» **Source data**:
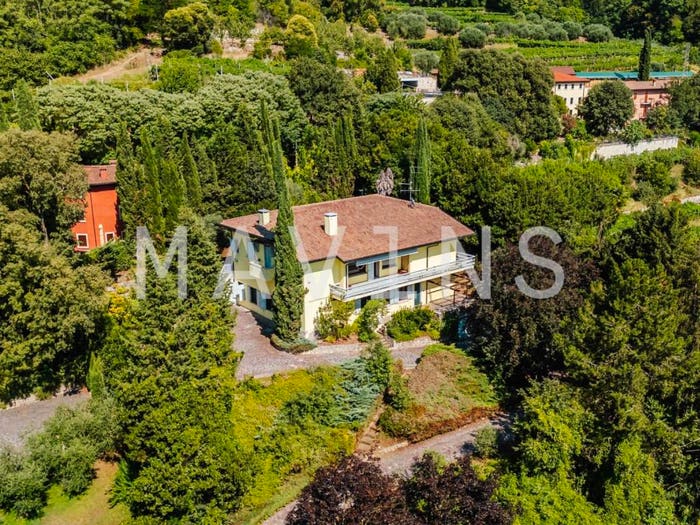Casa con 6 locali in vendita in Via Palazzina di Arbizzano, Arbizzanosanta Maria, Negrar di Valpolicella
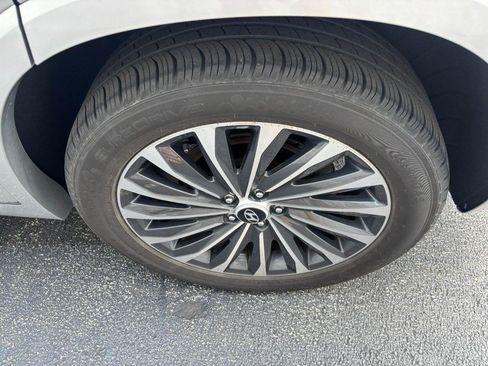 Used 2024 Hyundai Palisade Calligraphy AWD/4WD image 9
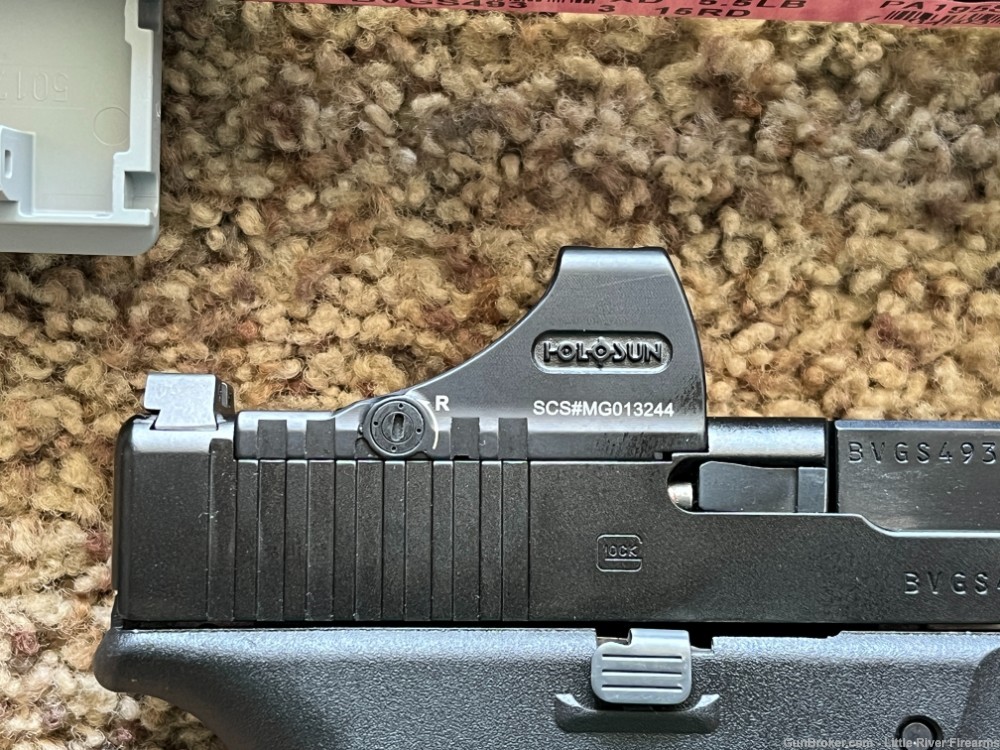 Shooter's Pack: Glock 19 Gen 5 / Holosun SCS, TLR-7, and Holsters!-img-5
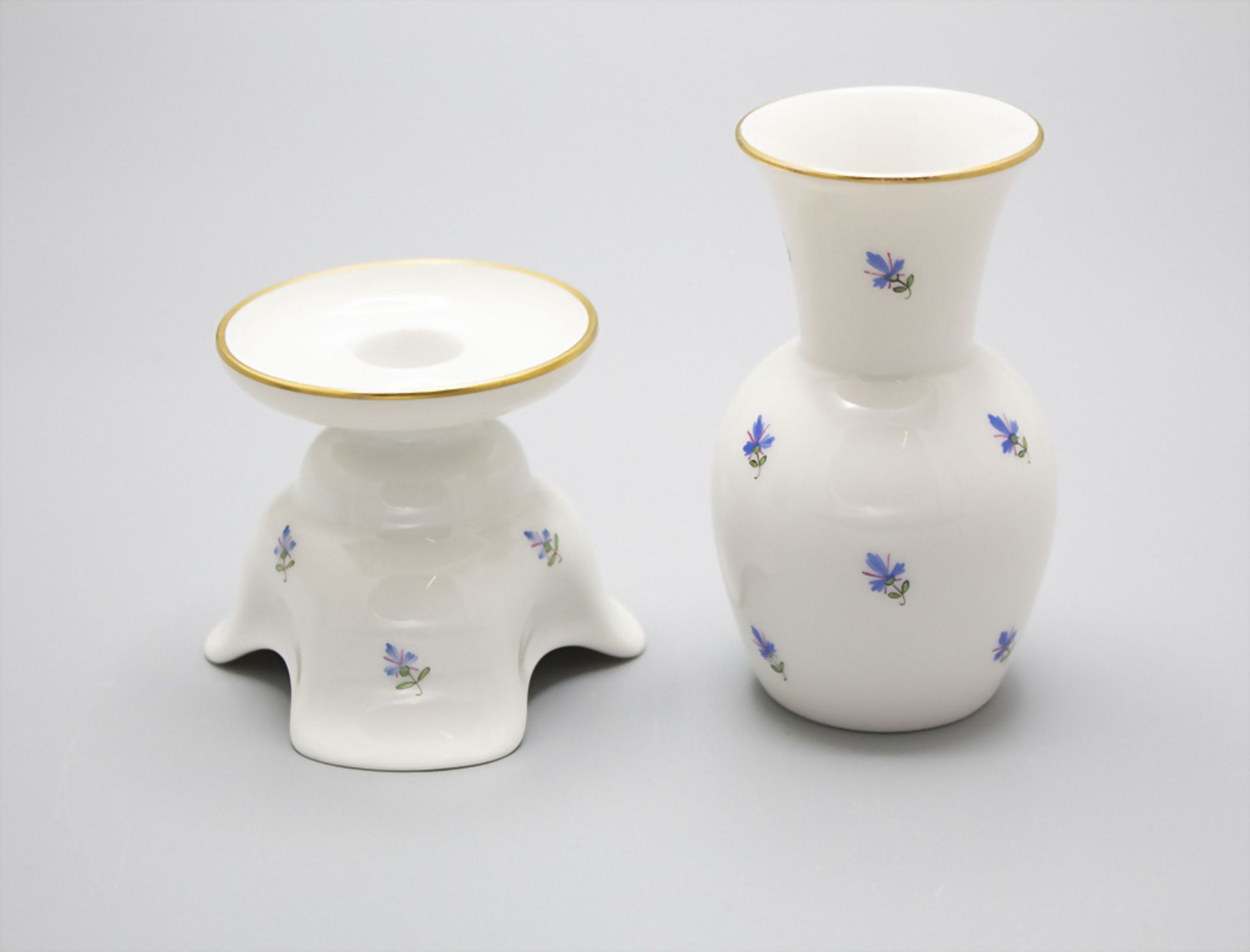 Vase und Kerzenhalter mit Kornblumen / A vase and a candleholder with cornflowers, Augarten, ...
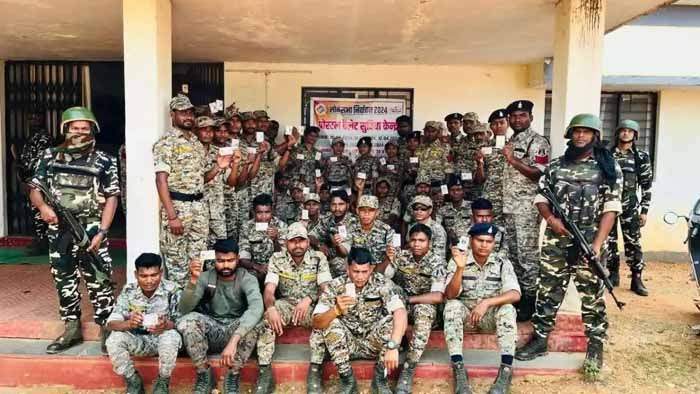 Surrendered Naxalites and 322 soldiers voted through postal ballot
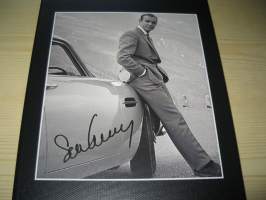 Sean Connery, James Bond 007, Aston Martin, canvastaulu, koko 20 cm x 30 cm. Tehty 50 numeroitua kappaletta. Hieno esim. lahjaksi.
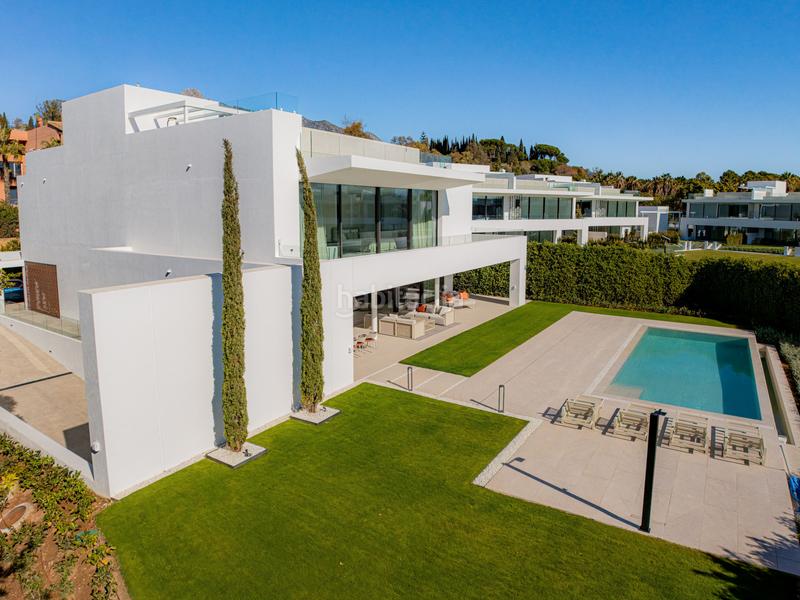 Foto 860c6a67-385c-449f-93ca-67b3765cb1ce. House with parking pool in Puente Romano Marbella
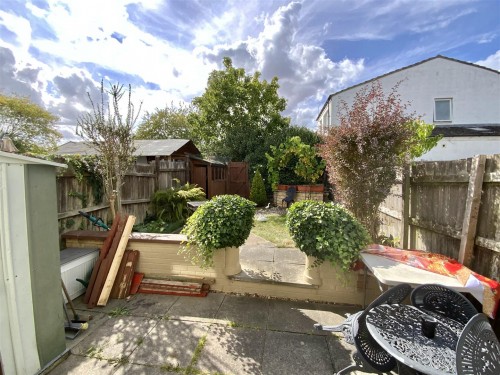 Burnet, Stantonbury - Photo 11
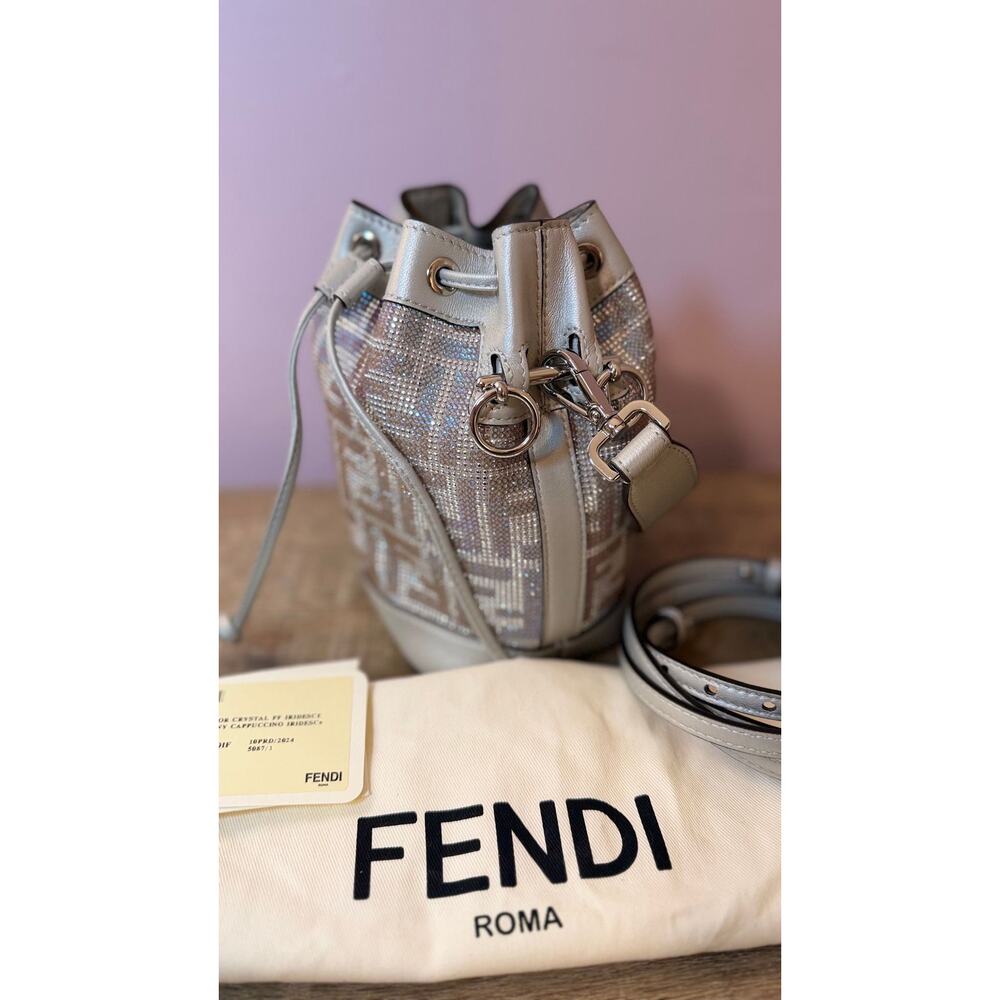 ๐ฉถSOLD๐ฉถ Fendi Mon Tresor Iridescent Crystals Crossbody Bag - Picture 4 of 6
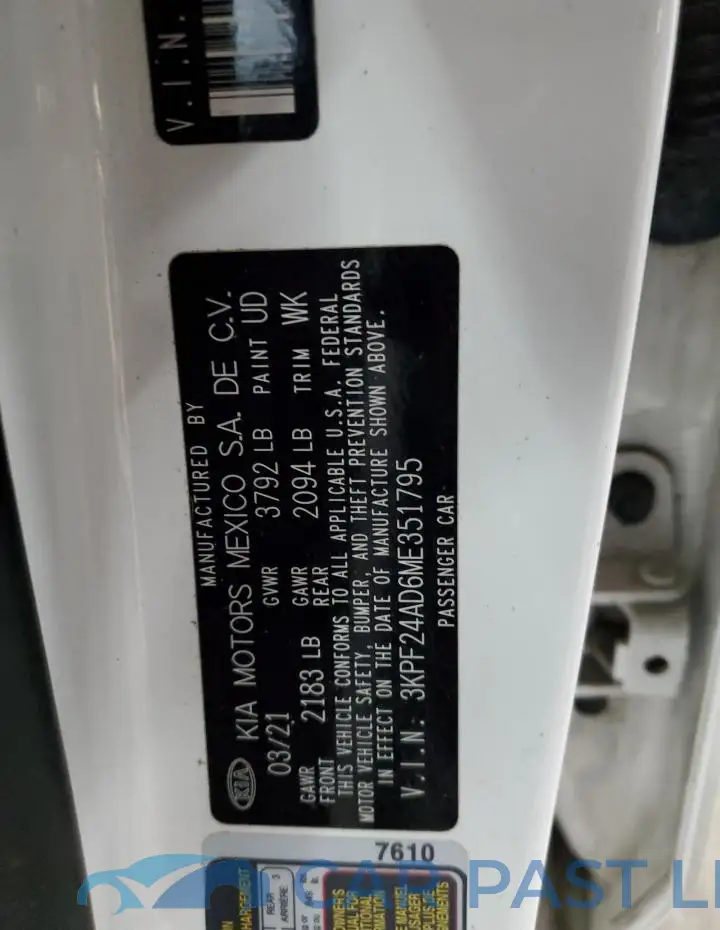 3KPF24AD6ME351795# 12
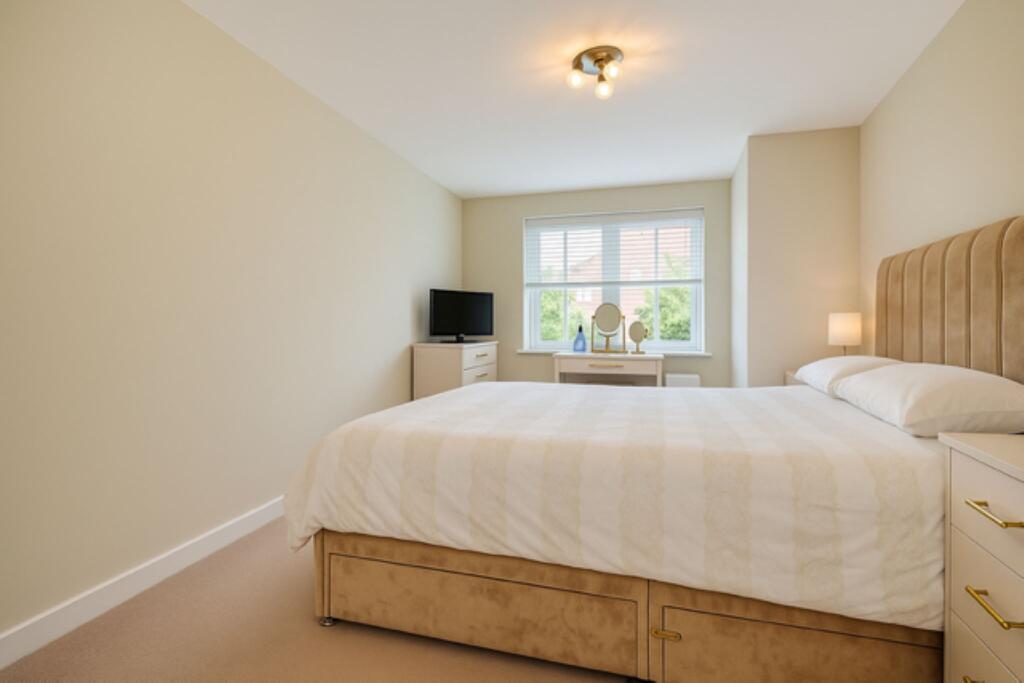 Additional image 9 of Wordsworth Close, Kings Park, St. Albans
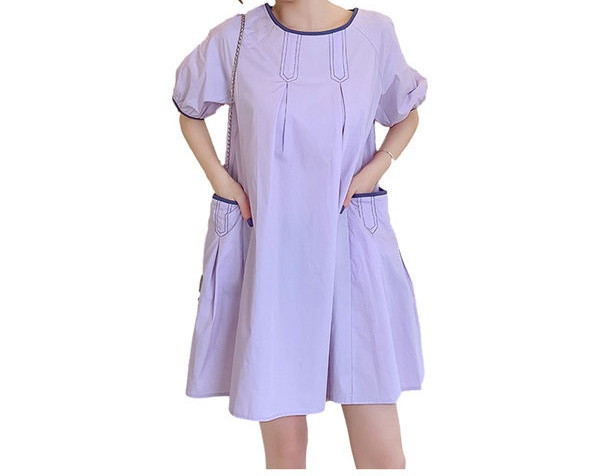 Sieviešu stilīga īsa kleita ar kabatām grūtniecēm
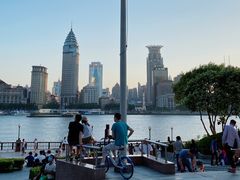 往餐厅入口-宝莱纳餐厅(滨江店)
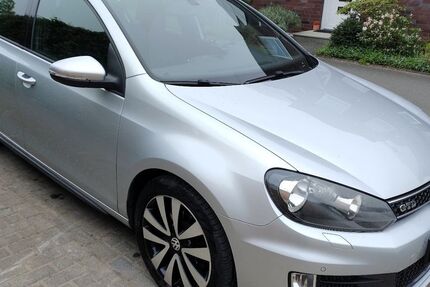 VW Golf 184.400 km 8.950 &euro; Leverkusen 51371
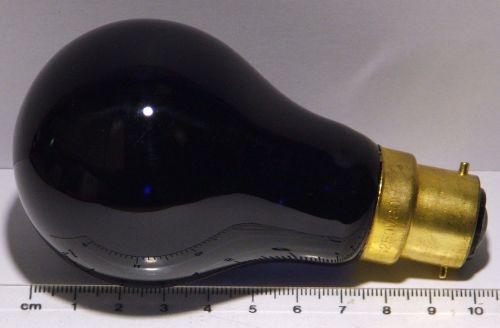 Instant Gifts International Blacklite Bulb - Showing size of lamp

» **Goal of the exercise**: Only the lines from the line with "Sean Connery, James" through the end of the records belong in your copy. Repeat them exactly, without pictures.

» **Final answer**:
 Sean Connery, James Bond 007, Aston Martin, canvastaulu, koko 20 cm x 30 cm. Tehty 50 numeroitua kappaletta. Hieno esim. lahjaksi.
 Foto 860c6a67-385c-449f-93ca-67b3765cb1ce. House with parking pool in Puente Romano Marbella
 Burnet, Stantonbury - Photo 11
 ๐ฉถSOLD๐ฉถ Fendi Mon Tresor Iridescent Crystals Crossbody Bag - Picture 4 of 6
 3KPF24AD6ME351795# 12
 Additional image 9 of Wordsworth Close, Kings Park, St. Albans
 Sieviešu stilīga īsa kleita ar kabatām grūtniecēm
 往餐厅入口-宝莱纳餐厅(滨江店)
 VW Golf 184.400 km 8.950 &euro; Leverkusen 51371
 Instant Gifts International Blacklite Bulb - Showing size of lamp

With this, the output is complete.